Scraped caption text data
···

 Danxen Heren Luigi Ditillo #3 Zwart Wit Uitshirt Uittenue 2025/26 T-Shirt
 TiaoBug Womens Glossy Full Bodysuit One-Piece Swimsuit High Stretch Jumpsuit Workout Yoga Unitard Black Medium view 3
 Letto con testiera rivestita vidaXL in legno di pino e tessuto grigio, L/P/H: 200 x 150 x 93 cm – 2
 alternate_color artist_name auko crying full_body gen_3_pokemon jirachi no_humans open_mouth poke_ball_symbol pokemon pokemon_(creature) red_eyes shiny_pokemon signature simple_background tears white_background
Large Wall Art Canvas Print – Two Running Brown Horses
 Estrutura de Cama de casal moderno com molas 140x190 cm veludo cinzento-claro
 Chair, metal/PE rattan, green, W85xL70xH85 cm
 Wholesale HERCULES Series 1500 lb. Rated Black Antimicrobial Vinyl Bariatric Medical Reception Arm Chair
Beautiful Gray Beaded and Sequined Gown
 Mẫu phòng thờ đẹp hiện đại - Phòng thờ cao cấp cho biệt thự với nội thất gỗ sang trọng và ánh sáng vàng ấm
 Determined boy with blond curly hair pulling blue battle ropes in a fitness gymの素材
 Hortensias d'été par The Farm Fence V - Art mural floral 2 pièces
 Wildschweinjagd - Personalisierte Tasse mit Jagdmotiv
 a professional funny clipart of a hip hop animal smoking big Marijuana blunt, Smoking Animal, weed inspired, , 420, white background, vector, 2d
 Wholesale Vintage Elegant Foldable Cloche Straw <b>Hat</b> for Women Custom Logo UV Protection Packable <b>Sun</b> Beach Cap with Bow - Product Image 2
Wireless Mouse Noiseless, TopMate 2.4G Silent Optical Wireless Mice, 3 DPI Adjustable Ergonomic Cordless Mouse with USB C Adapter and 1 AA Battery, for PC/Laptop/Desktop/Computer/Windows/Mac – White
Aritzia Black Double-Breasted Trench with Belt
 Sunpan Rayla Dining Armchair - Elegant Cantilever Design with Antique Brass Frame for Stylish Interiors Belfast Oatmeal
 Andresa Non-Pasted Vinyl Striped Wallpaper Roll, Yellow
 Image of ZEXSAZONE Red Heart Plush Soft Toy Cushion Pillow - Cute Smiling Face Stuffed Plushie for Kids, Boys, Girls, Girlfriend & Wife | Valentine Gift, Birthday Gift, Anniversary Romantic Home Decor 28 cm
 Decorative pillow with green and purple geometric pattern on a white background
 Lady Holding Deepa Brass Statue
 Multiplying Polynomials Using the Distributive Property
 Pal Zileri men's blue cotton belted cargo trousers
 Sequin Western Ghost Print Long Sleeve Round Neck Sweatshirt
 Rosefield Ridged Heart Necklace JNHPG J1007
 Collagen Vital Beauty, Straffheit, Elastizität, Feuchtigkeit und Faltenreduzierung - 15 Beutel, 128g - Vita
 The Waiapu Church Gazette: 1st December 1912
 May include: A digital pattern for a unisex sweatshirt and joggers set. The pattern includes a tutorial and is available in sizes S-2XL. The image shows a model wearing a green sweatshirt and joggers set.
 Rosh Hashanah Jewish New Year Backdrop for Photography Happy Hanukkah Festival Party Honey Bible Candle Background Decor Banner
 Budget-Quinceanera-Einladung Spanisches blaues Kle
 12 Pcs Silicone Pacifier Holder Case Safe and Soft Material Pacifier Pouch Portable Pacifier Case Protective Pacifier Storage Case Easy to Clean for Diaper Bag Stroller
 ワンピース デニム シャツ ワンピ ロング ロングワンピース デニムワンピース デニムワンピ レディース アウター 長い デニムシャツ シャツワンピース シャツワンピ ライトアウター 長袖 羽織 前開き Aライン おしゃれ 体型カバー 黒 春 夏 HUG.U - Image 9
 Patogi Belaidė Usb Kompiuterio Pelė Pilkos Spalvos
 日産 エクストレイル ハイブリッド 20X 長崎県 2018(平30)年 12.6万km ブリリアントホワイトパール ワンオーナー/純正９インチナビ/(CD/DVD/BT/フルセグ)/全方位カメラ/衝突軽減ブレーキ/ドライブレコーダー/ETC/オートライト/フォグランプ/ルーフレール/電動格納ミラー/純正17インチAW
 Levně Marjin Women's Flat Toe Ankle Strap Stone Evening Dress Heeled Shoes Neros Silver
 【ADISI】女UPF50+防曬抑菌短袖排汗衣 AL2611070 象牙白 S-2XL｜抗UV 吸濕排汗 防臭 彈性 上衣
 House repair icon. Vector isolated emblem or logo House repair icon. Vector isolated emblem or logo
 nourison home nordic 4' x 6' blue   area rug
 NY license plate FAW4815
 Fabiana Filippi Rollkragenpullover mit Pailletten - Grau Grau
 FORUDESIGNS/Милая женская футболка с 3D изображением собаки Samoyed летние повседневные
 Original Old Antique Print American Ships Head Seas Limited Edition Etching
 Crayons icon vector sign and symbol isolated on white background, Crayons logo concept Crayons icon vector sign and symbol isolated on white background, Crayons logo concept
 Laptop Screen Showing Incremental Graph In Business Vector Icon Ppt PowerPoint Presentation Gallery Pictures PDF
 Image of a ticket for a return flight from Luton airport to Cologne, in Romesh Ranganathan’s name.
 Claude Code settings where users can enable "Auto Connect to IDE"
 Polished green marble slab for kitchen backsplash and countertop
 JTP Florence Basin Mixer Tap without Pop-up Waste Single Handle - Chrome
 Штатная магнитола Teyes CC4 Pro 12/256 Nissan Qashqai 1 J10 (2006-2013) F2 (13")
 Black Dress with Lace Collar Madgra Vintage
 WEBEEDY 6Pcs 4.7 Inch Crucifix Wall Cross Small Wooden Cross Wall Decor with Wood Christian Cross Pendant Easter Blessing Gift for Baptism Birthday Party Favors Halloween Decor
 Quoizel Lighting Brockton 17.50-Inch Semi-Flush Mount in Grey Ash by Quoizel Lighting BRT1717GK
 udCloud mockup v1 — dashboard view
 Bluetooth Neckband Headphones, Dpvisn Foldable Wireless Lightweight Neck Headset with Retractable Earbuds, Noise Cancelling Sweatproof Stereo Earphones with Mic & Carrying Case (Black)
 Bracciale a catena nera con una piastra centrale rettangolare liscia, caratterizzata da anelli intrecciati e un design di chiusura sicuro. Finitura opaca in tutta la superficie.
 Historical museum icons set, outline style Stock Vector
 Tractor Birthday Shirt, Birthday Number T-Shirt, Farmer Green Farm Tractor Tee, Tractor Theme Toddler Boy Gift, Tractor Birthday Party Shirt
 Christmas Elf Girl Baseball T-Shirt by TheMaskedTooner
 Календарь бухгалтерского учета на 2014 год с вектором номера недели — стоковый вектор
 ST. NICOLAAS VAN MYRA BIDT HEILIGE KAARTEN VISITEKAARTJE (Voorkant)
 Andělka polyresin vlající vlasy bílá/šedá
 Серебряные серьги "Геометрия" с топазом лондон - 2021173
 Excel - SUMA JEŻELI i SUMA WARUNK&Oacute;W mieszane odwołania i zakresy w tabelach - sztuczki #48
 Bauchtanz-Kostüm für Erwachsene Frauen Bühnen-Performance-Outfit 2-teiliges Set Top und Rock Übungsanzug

···

**Problem to solve**
Nothing should appear in the answer except the lines above from the line with "ワンピース デニム シャツ" through the line with "nourison home nordic", both included, written out exactly.

**Answer space**
 ワンピース デニム シャツ ワンピ ロング ロングワンピース デニムワンピース デニムワンピ レディース アウター 長い デニムシャツ シャツワンピース シャツワンピ ライトアウター 長袖 羽織 前開き Aライン おしゃれ 体型カバー 黒 春 夏 HUG.U - Image 9
 Patogi Belaidė Usb Kompiuterio Pelė Pilkos Spalvos
 日産 エクストレイル ハイブリッド 20X 長崎県 2018(平30)年 12.6万km ブリリアントホワイトパール ワンオーナー/純正９インチナビ/(CD/DVD/BT/フルセグ)/全方位カメラ/衝突軽減ブレーキ/ドライブレコーダー/ETC/オートライト/フォグランプ/ルーフレール/電動格納ミラー/純正17インチAW
 Levně Marjin Women's Flat Toe Ankle Strap Stone Evening Dress Heeled Shoes Neros Silver
 【ADISI】女UPF50+防曬抑菌短袖排汗衣 AL2611070 象牙白 S-2XL｜抗UV 吸濕排汗 防臭 彈性 上衣
 House repair icon. Vector isolated emblem or logo House repair icon. Vector isolated emblem or logo
 nourison home nordic 4' x 6' blue   area rug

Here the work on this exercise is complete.